Is Tan(cos2x) equal to tan(2 cos^-1(x))?

[Elissa89]

tan(2 cos^-1(x))

I'm pretty sure 2 cos^-1(x) is the same as cos2x, the doubles formula, but from there I'm completely lost.

 

[skeeter]

tan(2 cos^-1(x))

I'm pretty sure 2 cos^-1(x) is the same as cos2x, the doubles formula, but from there I'm completely lost.

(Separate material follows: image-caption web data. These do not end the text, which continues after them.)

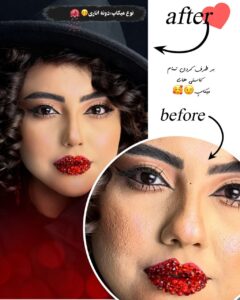 نمونه کار ادمین سحر رفاهی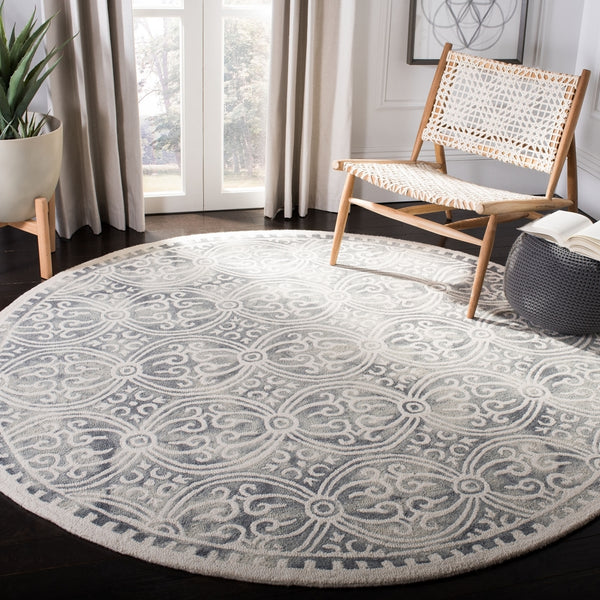 Safavieh Dip Dye 211 Hand Tufted 80% Wool/10% Cotton/10% Latex Rug DDY211G-3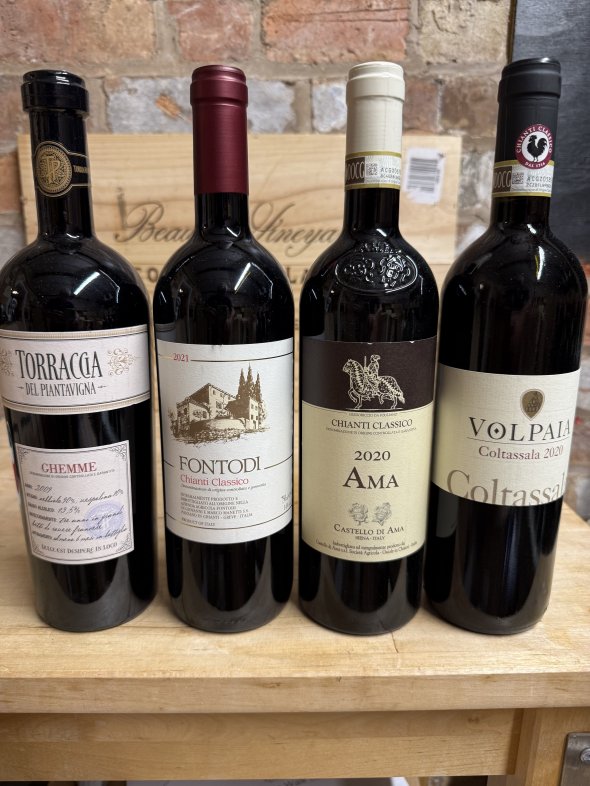 fab tuscan x 4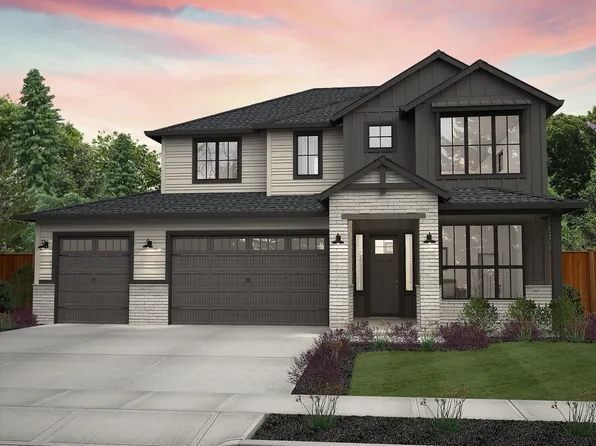 Heritage Bainbridge LX Plan, Paradise Pointe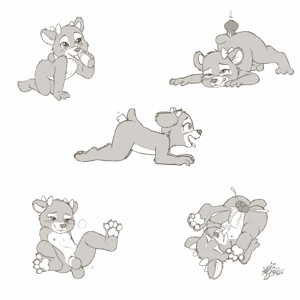 Bear's Back for Some Bareback [C]
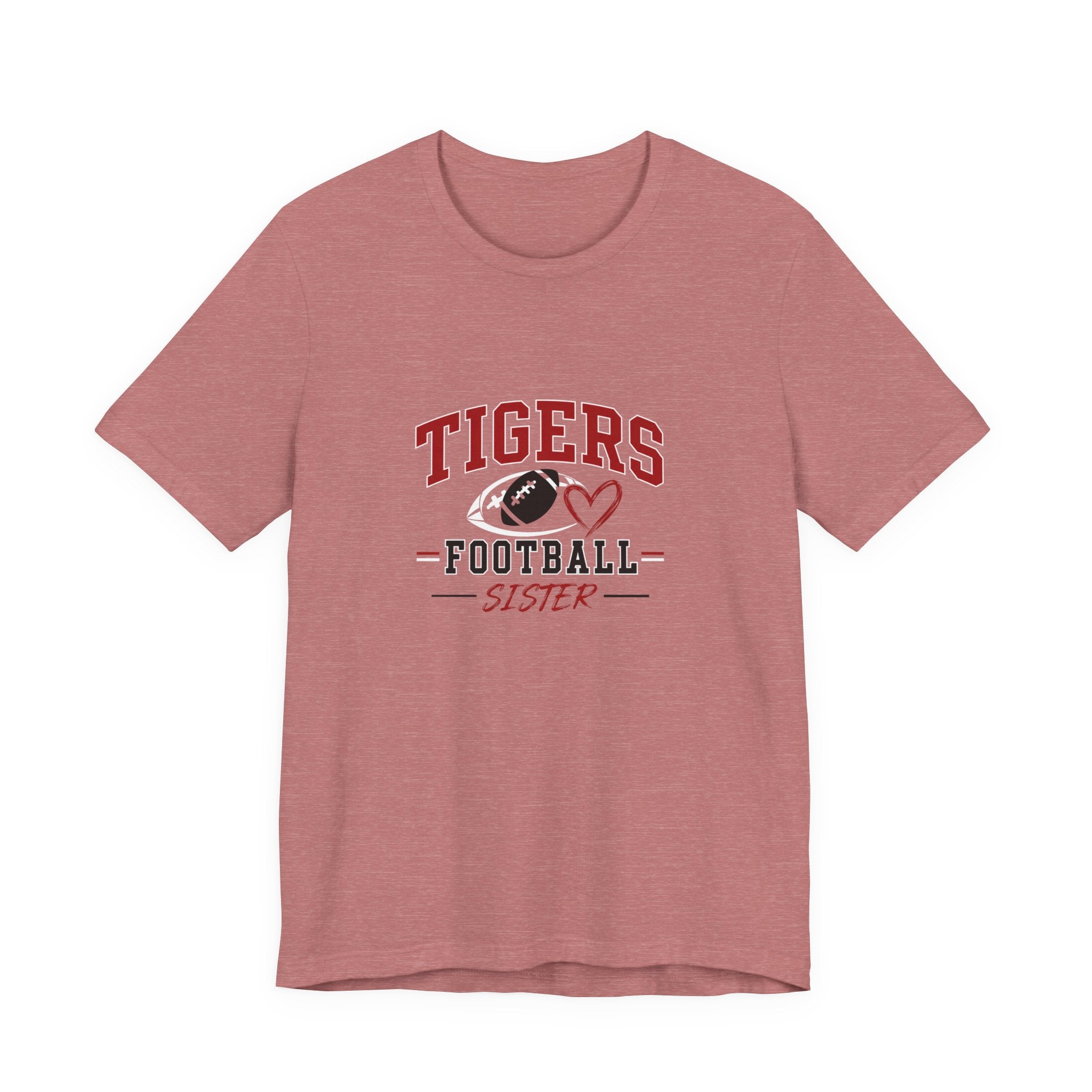 TIGERS Football Sister Tee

$2\cos^{-1}(x) \ne \cos(2x)$

$\cos^{-1}(x)$ is an angle (call it $\theta$) such $\cos{\theta} = x$

$\tan(2\theta) = \dfrac{2\tan{\theta}}{1-\tan^2{\theta}}$

$\cos{\theta} = x \implies \sin{\theta} = \sqrt{1-x^2} \implies \tan{\theta} = \dfrac{\sqrt{1-x^2}}{x}$

substitute the above expression for $\tan{\theta}$ in the double angle formula for tangent and simplify the algebra.

 

[Elissa89]

$2\cos^{-1}(x) \ne \cos(2x)$

$\cos^{-1}(x)$ is an angle (call it $\theta$) such $\cos{\theta} = x$

$\tan(2\theta) = \dfrac{2\tan{\theta}}{1-\tan^2{\theta}}$

$\cos{\theta} = x \implies \sin{\theta} = \sqrt{1-x^2} \implies \tan{\theta} = \dfrac{\sqrt{1-x^2}}{x}$

substitute the above expression for $\tan{\theta}$ in the double angle formula for tangent and simplify the algebra.

I'm not sure I understand

 

[topsquark]

I'm not sure I understand

What, specifically, don't you understand? We can help you better if we know this.

-Dan

 

[DavidCampen]

We are having to guess at what the OP is supposed to accomplish. Is it calculating a value for the expression given a value for x or, as we are guessing, is it to find a purely algebraic expression for the given trigonometric expression; or even something else.

 

[HOI]

It appears that you do not understand what "[tex]cos^{-1}(x)[/tex]" means! It is the inverse function to cos(x) (limited to x= 0 to [tex]\pi[/tex] so that it is one-to-one). [tex]cos^{-1}(1)= 0[/tex] because cos(0)= 1. [tex]cos^{-1}(0)= \pi/2[/tex] because [tex]cos(\pi/2)= 0[/tex], etc.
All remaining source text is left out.